Votre cinéma est le premier, dès les années 1960, à nous avoir raconté
autrement notre histoire d’Européens, à nous avoir fait tomber les écailles
nationales des yeux. Vous avez su le premier rendre visible et sensible, et
par là même crédible, l’unité culturelle et humaine du continent européen.
L’Europe se cherchait encore, au sein de sa diversité et de ses
cloisonnements hérités, elle avait du mal encore à se défaire de ses
habitudes de pensée, à se libérer de ses frontières réelles et imaginaires.
Ces frontières, vous êtes le premier à les avoir traversées d’un coup de
voiture comme dans « Lisbonne story ». Un peu à la manière de ce sage de
l’Antiquité qui, pour réfuter les philosophe qui niaient le mouvement, s’est
simplement mis à marcher. Vous nous avez aidé à passer de « l’autre côté
du miroir » national.
Par le cinéma, vous mis en scène et mis en lumière ce citoyen européen qui
n’existait plus, ou n’existait pas encore, enfoui qu’il était sous des siècles de
nationalisme. Ce citoyen européen, plus encore que visible, vous l’avez
rendu désirable. Votre cinéma nous met sous les yeux sinon des exemples,
du moins des repères, nous ouvre des pistes, nous montre des chemins.
Vous avez retrouvé le sens de ce que Frédéric NIETZSCHE appelait « les
bons Européens », ces grands Allemands – notamment – capables de
dépasser les frontières par leur stature et leur disposition d’esprit, et au
premier rang desquels il rangeait bien sûr GOETHE, l’inventeur de la
« Weltliteratur ». Et je ne suis pas loin de penser que vous êtes un peu
l’inventeur d’un « Weltkino », un cinéma-monde, en tout cas un cinéma à la
mesure d’un continent.
Vous nous avez aidés à opérer un changement de dimension dans nos
consciences d’Européens, à les décloisonner. Plus que « Lisbonne story »,
vos films racontent une « Europe Story ».
Pour nous ouvrir ainsi l’esprit, vous avez développé l’ivresse de
l’« american way of life » en Europe et notamment le sentiment de liberté du
« road movie ». Vous avez su saisir ce vent du large, restituer cette
dimension des grands espaces.
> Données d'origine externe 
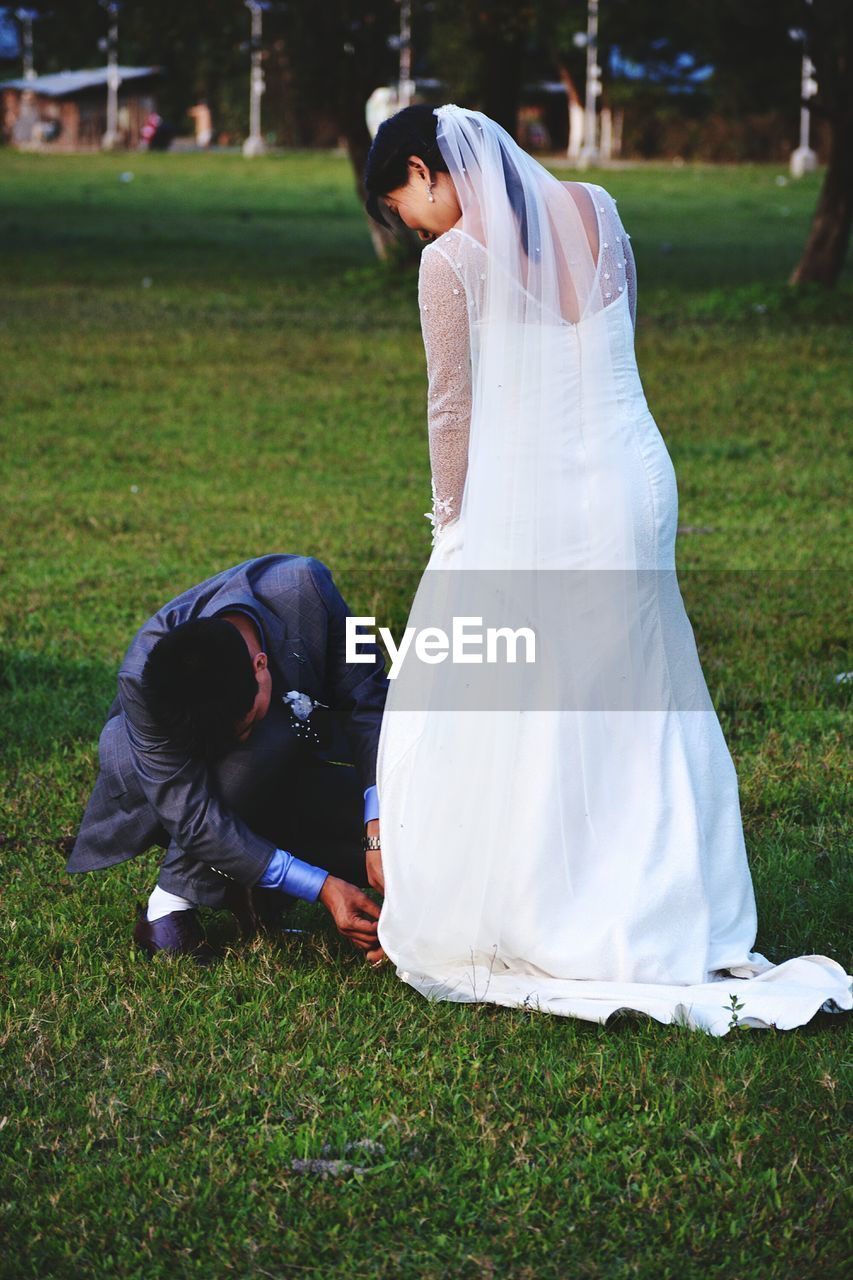 Groom adjusting bride sandal on field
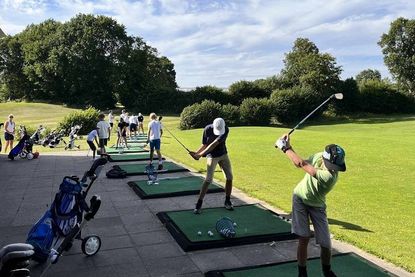 Gemeinsames Aufwärmen unter der Leitung als Golfer auf der Drivingrange.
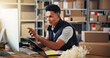 © peopleimages.com - Computer, information and logistics with man in warehouse office for schedule or update. Boxes, pointing and tablet with employee in supply chain depot for delivery, ecommerce or shipping manifest
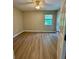 Bedroom features laminate flooring, neutral paint, natural lighting, and a ceiling fan at 1820 Mepkin Rd # 1019, Charleston, SC 29407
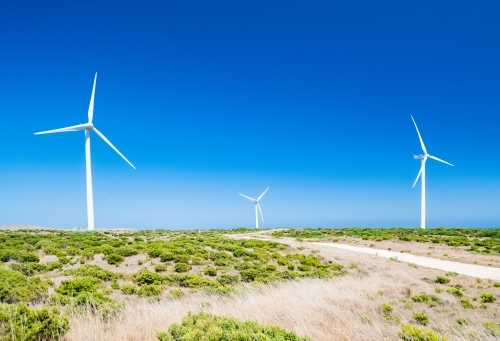Three Wind turbines against the blue sky at a wind farm. - Australian Stock Image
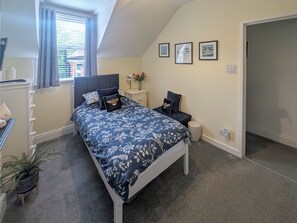 A bedroom with a bed, a nightstand, a small table with a vase, and a window with curtains.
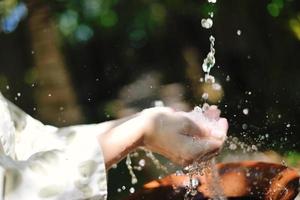 spruzzi fresco acqua su donna mani foto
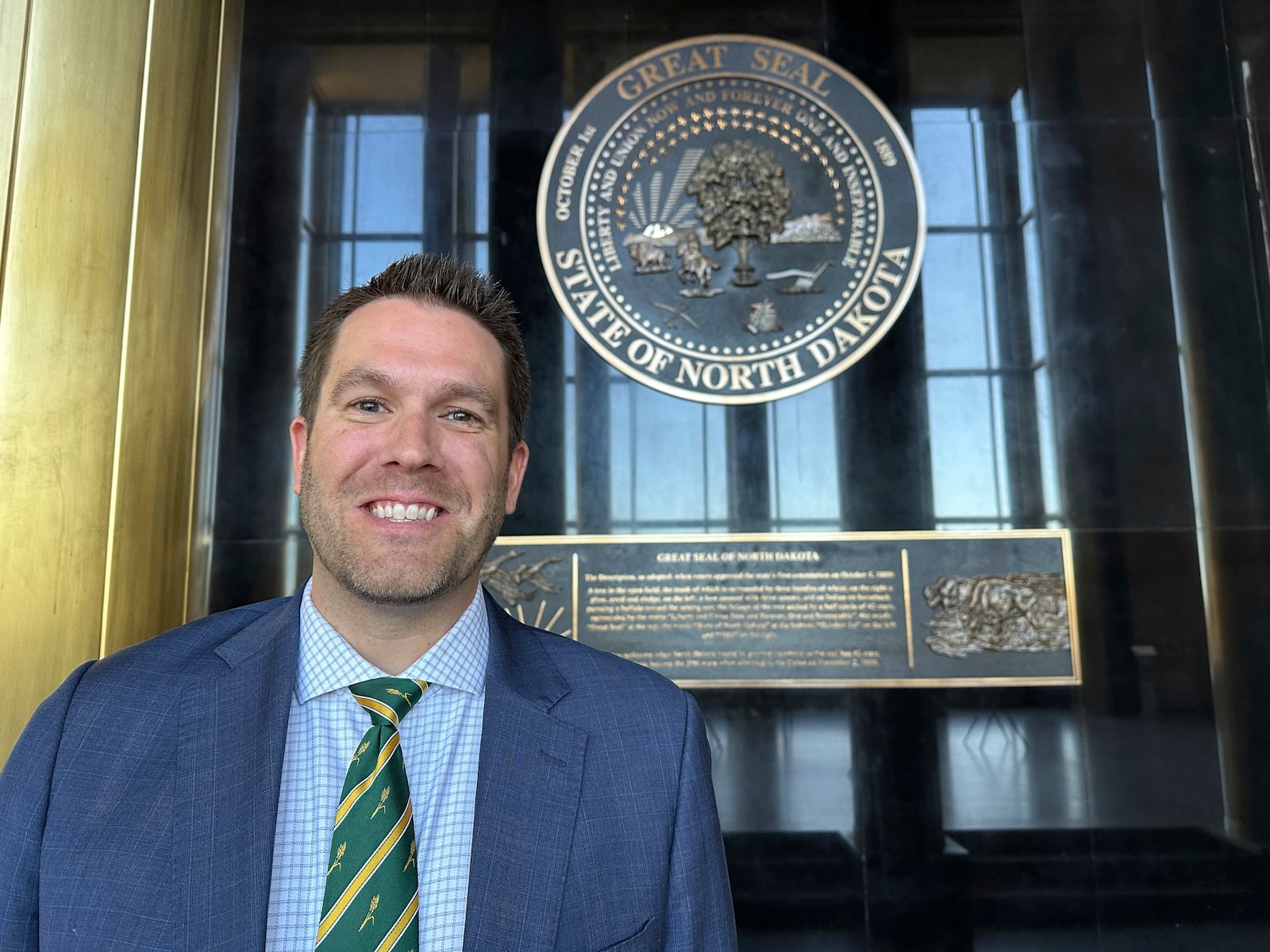 FILE -North Dakota Republican Secretary of State Michael Howe stands in Memorial Hall of the state Capitol in Bismarck, N.D., on Sept. 29, 2023. (AP Photo/Jack Dura, File)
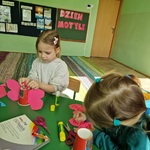 Dwie dziewczynki siedzą przy stoliku i ozdabiają swoje papierowe motyle.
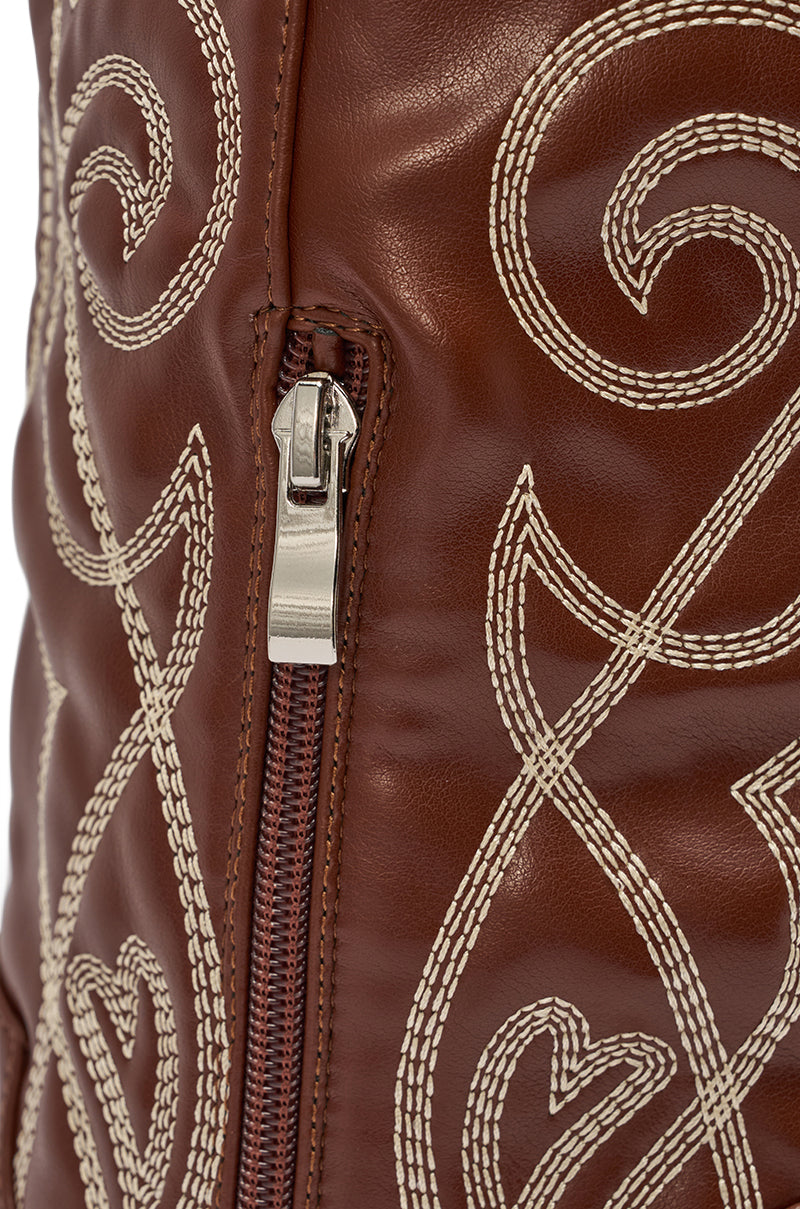 Close-up of the AZALEA WANG KETA BROWN WESTERN THIGH HIGH STILETO BOOT in brown faux leather, detailed with a silver zipper and swirling white embroidery. 6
C’est ainsi aussi que vous avez rendu
sensibles ces « Etats-Unis d’Europe » dont parlait déjà Victor HUGO. Car
comme tous les grandes cinéastes, vous avez été constamment attiré par
ce grand horizon américain, ce Jusqu’au bout du monde… si loin et si
proche, notre jumeau et notre jouvence – même si votre amitié est
exigeante et se doit aussi d’être critique, comme le montrent bien vos films
d’Outre-Atlantique…
Ce sens de la « nouvelle frontière », vous l’avez insufflé aussi dans notre
cinéma et dans nos consciences en franchissant les limites des genres.
Vous avez ainsi eu recours au documentaire, à une époque où il n’était
guère en vogue et sur ce point aussi vous avez été un pionnier.
Mais surtout vous avez ouvert le cinéma à la musique, de Nick CAVE à U2
et BONO, de Ry COODER à MADRE DEUS, sans oublier le BUENA VISTA
SOCIAL CLUB… Parce que la musique seule sait nous donner
immédiatement et sans attendre le sentiment du « sans frontières ».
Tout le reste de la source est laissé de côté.